#### What is expected
Quote the listing in full, exactly as given, minus any pictures.

#### Data excerpt
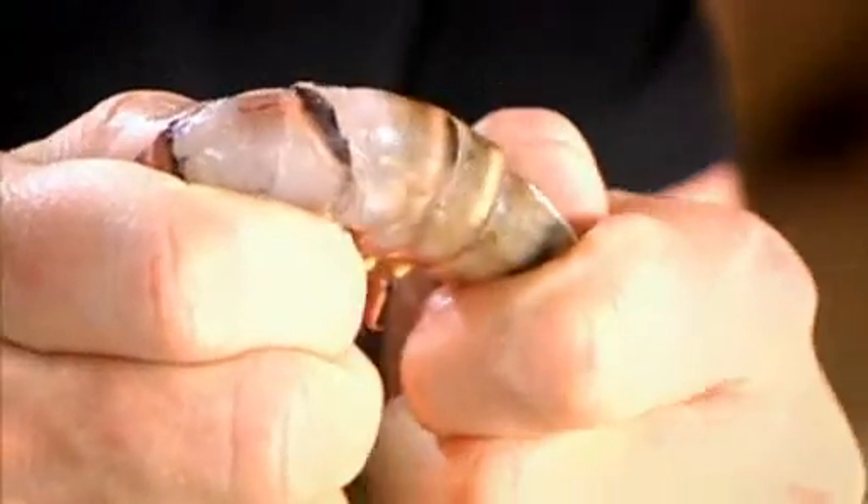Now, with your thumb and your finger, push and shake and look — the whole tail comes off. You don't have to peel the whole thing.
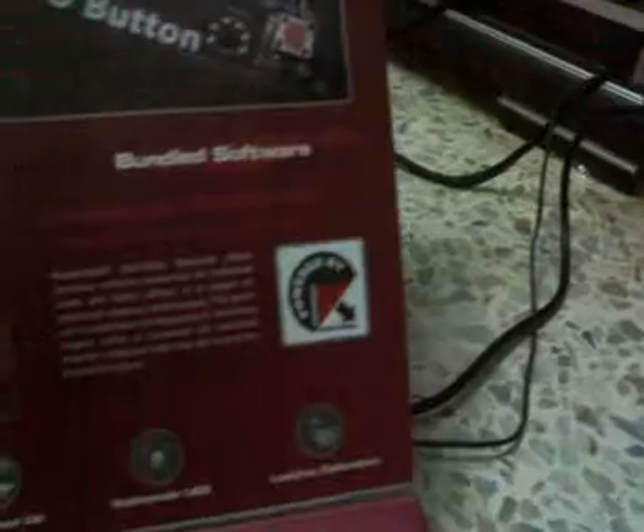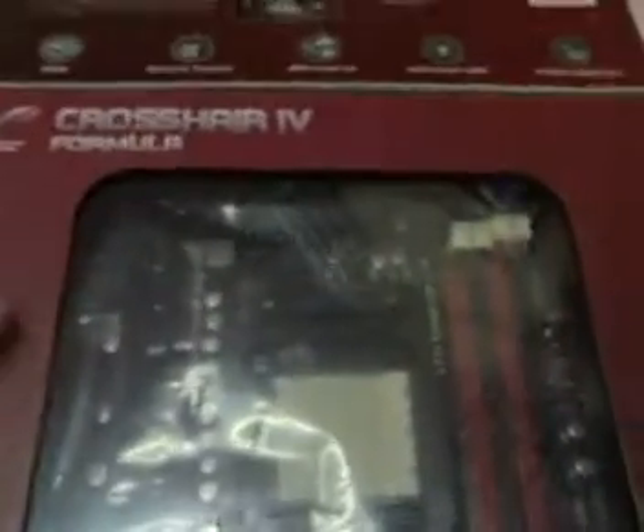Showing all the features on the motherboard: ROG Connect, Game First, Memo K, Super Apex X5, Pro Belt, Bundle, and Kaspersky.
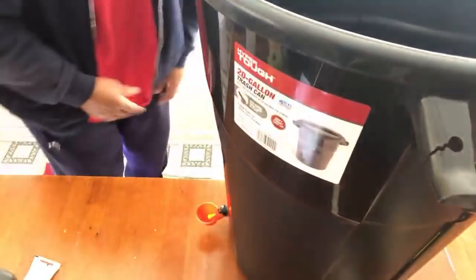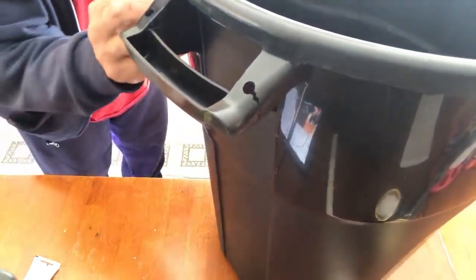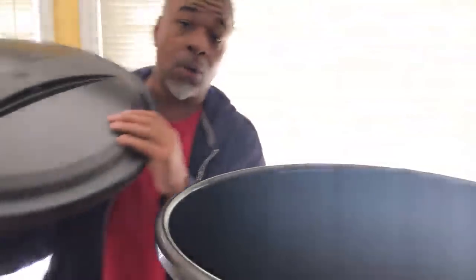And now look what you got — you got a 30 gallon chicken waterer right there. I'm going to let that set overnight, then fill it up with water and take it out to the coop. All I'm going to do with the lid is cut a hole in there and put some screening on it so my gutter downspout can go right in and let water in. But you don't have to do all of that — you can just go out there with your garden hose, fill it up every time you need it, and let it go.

#### Response box
Now, with your thumb and your finger, push and shake and look — the whole tail comes off. You don't have to peel the whole thing.
Showing all the features on the motherboard: ROG Connect, Game First, Memo K, Super Apex X5, Pro Belt, Bundle, and Kaspersky.
And now look what you got — you got a 30 gallon chicken waterer right there. I'm going to let that set overnight, then fill it up with water and take it out to the coop. All I'm going to do with the lid is cut a hole in there and put some screening on it so my gutter downspout can go right in and let water in. But you don't have to do all of that — you can just go out there with your garden hose, fill it up every time you need it, and let it go.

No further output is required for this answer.